Sales Isn't a Magic Conversation, It's Asking
The Mistake
Founders believe sales is about saying the right thing. So they wait until they have the perfect pitch, hire the smoothest talker they can find, and avoid the one move that actually closes deals: asking for the order.
Danny Jenkins almost did not ask. Eighteen months in, $150,000 in credit card debt, he finally had a buyer six weeks into a trial. And he froze. "I'm literally shaking and I don't know how to ask for an order... I'm not a sales guy." He circled the buyer with "is there anything wrong?" until he forced out the real question. The buyer's response: "how much is it?" The deal closed at $5,500.
Why Founders Make It
Three flawed beliefs drive this.
"I need to be a natural salesperson first." Danny wasn't, and it nearly cost him the sale he desperately needed.
"The smooth talker will close." This one is expensive. Danny hired exactly that person. "I've got this rock star who's smooth talking, sounds really professional, closed nothing."
"Asking is pushy." So founders perform a demo, answer questions, and then... wait. The waiting feels polite.

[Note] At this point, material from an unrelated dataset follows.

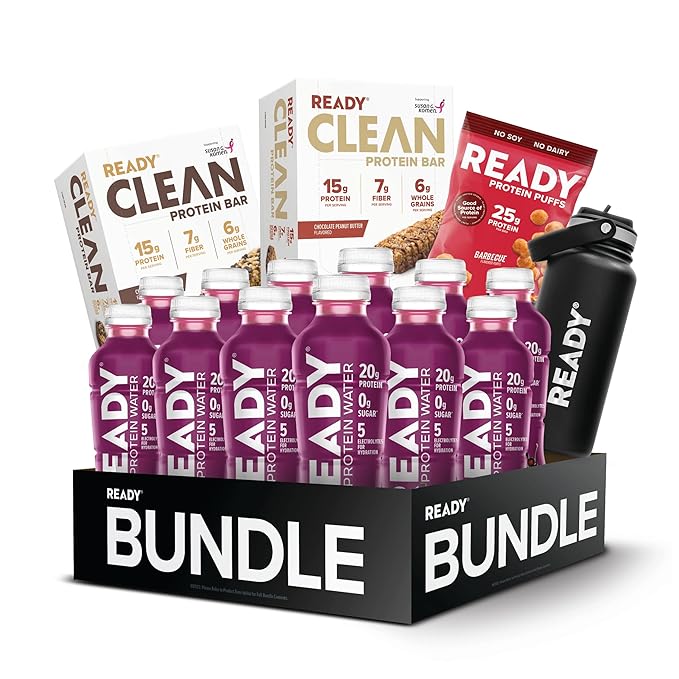 Ready® Best of Ready $99 Bundle – Black Cherry Protein Water Protein Bars Barbecue Puffs &amp Black Water Bottle | Amazon Exclusive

It is actually just a non-decision.
How Danny Lost Months to the Wrong Salesperson
Danny had leads and a polished rep, and still nothing moved. "I'm doing 10 demos a day, I'm coding all night, nothing's coming in as an order." The smooth salesperson "didn't deliver anything."
Then he hired a second rep he initially thought was terrible. "He's very blunt, he's very direct, he comes across unpersonable. But suddenly we started closing." The difference was not charisma. The blunt rep just asked: "okay, I've sent you a quote, you can sign it if you want." Deals started landing. ThreatLocker finished 2019 at $300,000 ARR.
Danny's conclusion: "sales is not necessarily about a magic conversation. It's about showing the customer what you've got and asking them, do they want to buy it."
The Fix (If You're Making It Now)
- This week: on every live opportunity, ask one direct closing question. "What do you need to decide if you want to buy this?" Then stop talking.
- This month: stop grading sales hires on smoothness. Grade them on whether they send the quote and ask. Danny's best early rep was the blunt one.
- Next quarter: track your close rate honestly. Danny expected to need "a hundred leads to close 10." Knowing the real number kills the fantasy that every nice conversation is a deal.
The Signal to Watch
Watch for demos with no ask. If you finish a sales call and never asked the prospect to buy or to commit to a next step with a date, you made this mistake. Count, each week, how many live opportunities you actually asked to close. If that number is lower than your number of demos, that gap is your lost revenue.